## [Exercise description]
Pictures stay out of the output. Return exactly the lines below from the one with "Cancello per Recinzione" down to the one with "パーティードレス ドレス 大人", both included, and nothing more.
Provided records Block Start
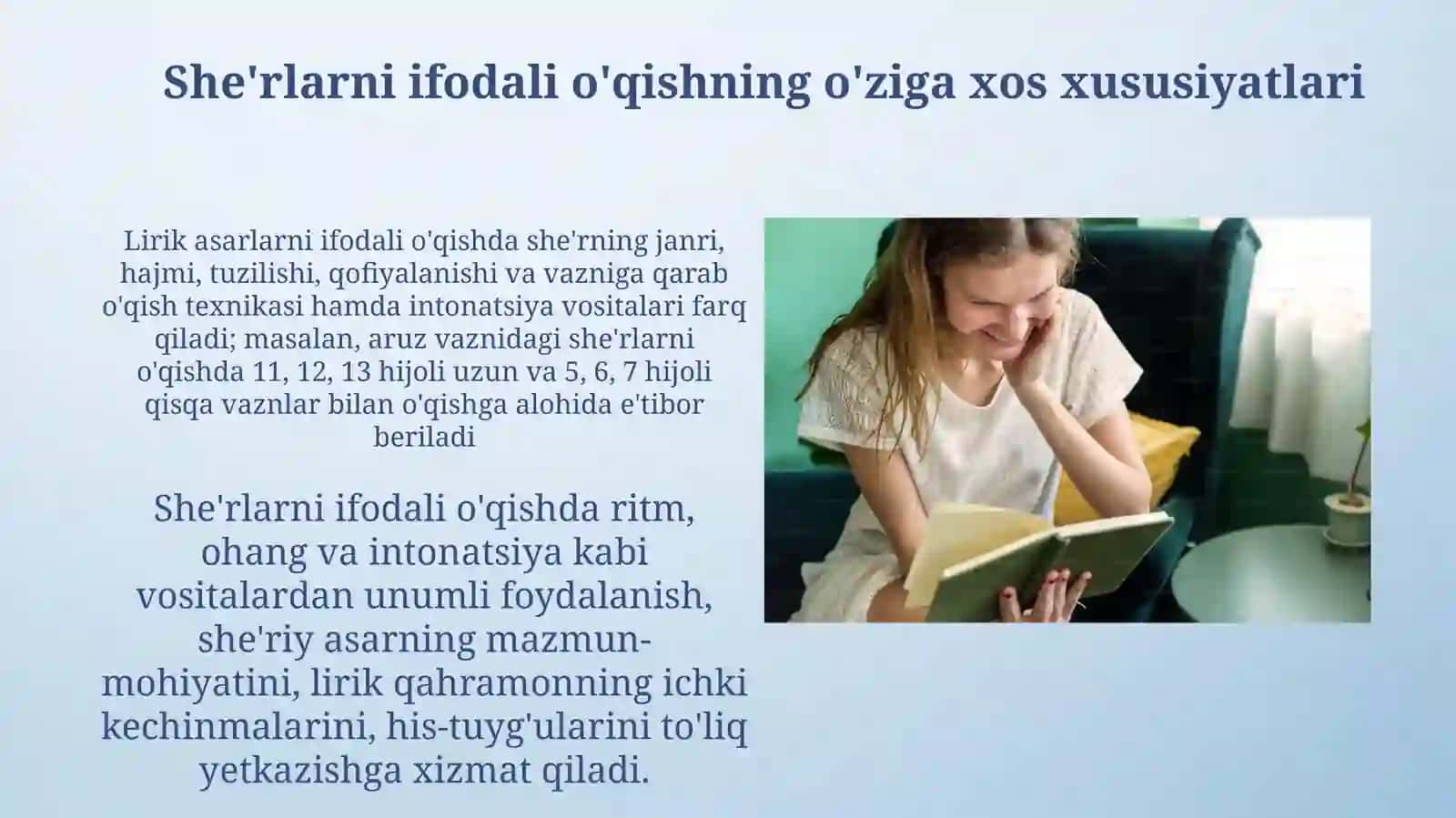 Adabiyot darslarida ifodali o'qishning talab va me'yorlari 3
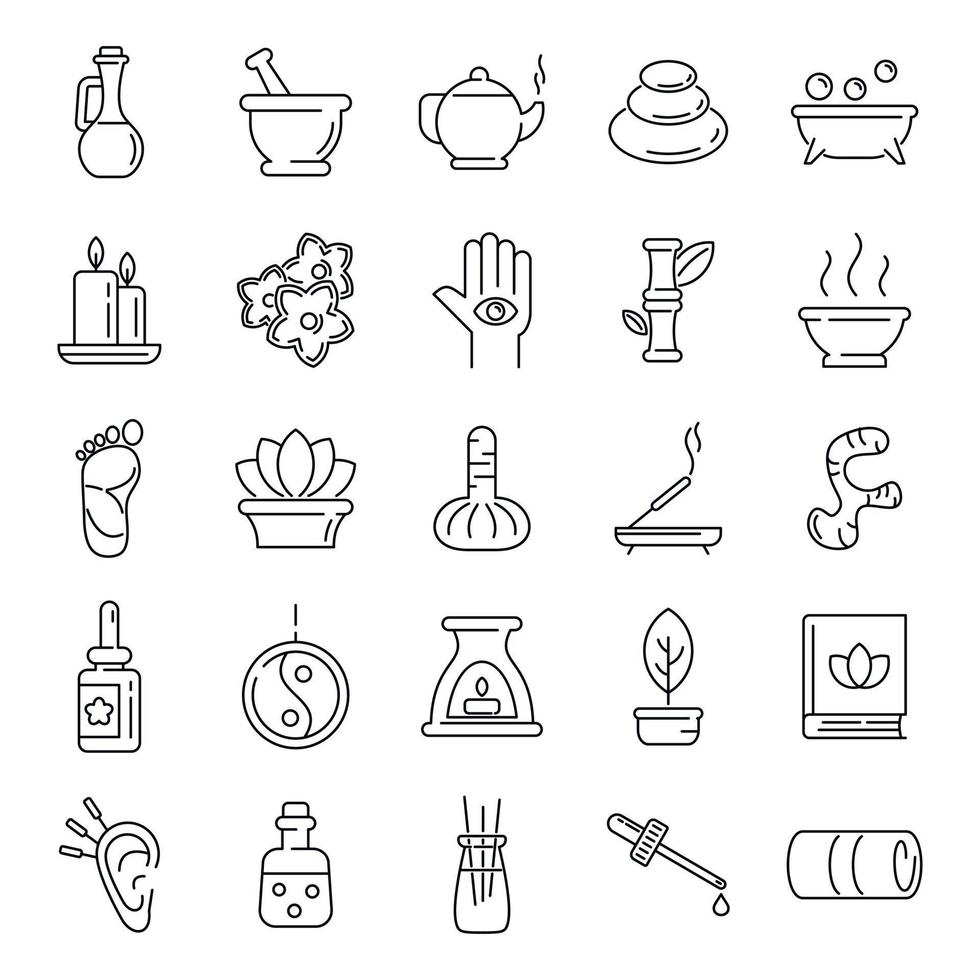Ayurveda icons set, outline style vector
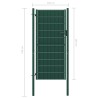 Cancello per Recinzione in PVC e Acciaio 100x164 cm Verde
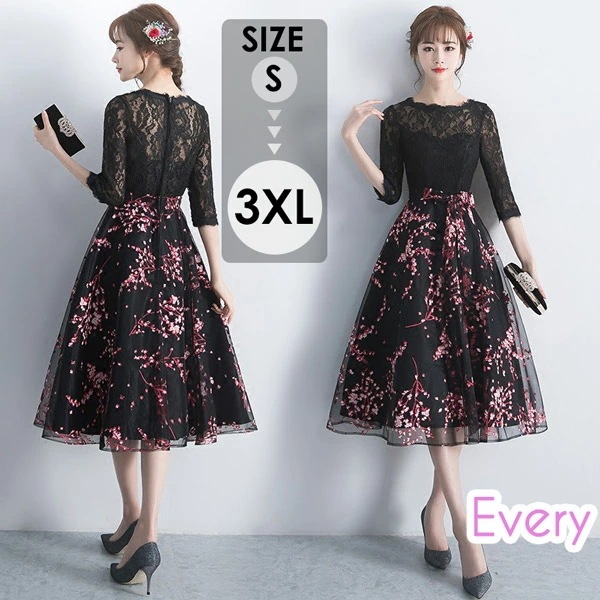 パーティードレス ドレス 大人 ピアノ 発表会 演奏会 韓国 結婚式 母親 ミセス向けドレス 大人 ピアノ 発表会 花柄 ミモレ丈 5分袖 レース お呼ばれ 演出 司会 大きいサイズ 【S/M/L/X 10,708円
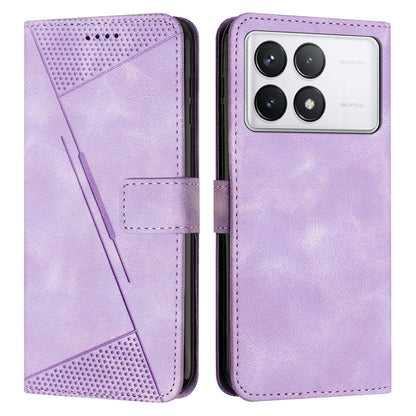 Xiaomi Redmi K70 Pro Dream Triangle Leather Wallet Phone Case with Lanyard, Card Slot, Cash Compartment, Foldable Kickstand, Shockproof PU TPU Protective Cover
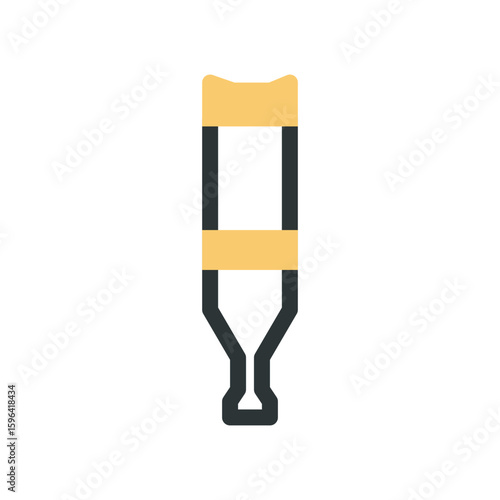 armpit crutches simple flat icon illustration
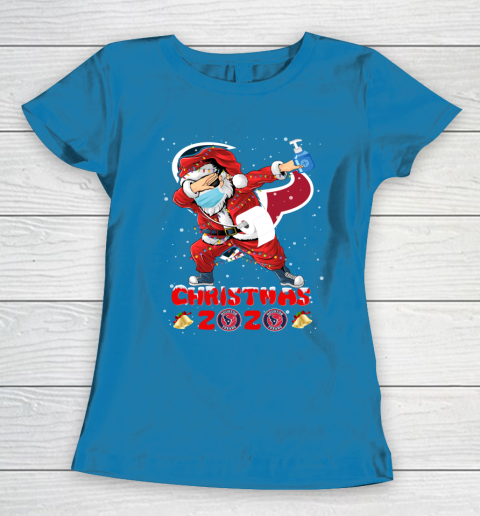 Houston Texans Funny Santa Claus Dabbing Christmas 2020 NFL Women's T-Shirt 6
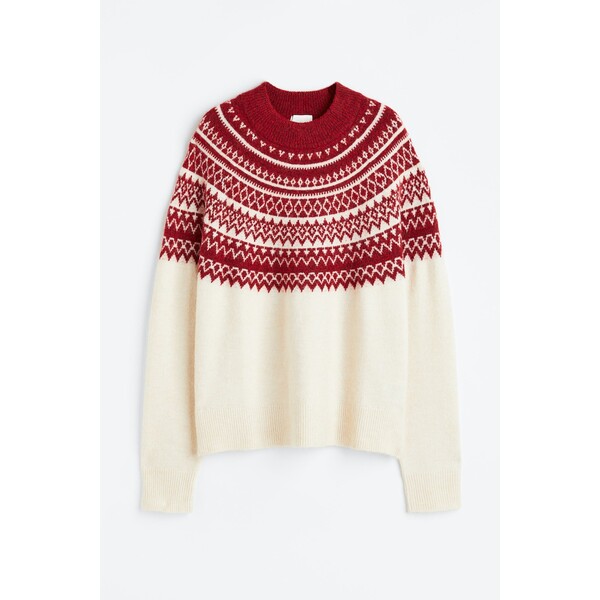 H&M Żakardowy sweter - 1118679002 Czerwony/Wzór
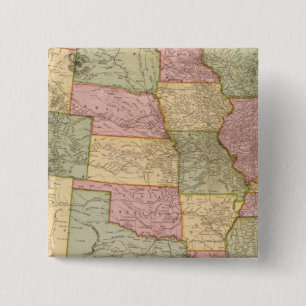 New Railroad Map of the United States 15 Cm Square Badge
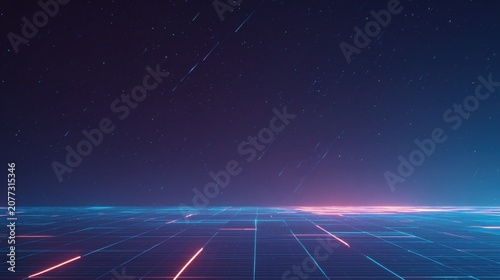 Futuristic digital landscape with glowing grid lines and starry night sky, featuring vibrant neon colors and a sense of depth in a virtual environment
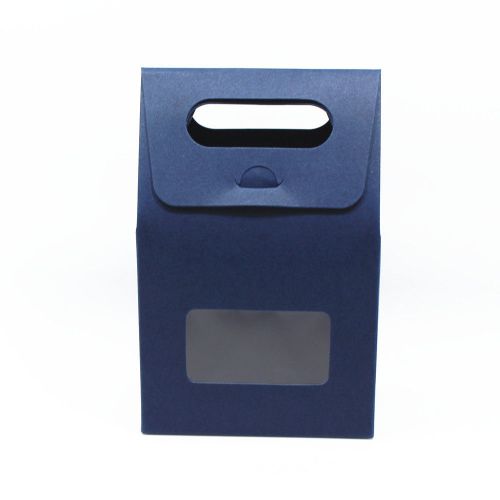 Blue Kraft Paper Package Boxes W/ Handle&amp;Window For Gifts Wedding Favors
Provided records Block End
## [Completed exercise]
 Cancello per Recinzione in PVC e Acciaio 100x164 cm Verde
 パーティードレス ドレス 大人 ピアノ 発表会 演奏会 韓国 結婚式 母親 ミセス向けドレス 大人 ピアノ 発表会 花柄 ミモレ丈 5分袖 レース お呼ばれ 演出 司会 大きいサイズ 【S/M/L/X 10,708円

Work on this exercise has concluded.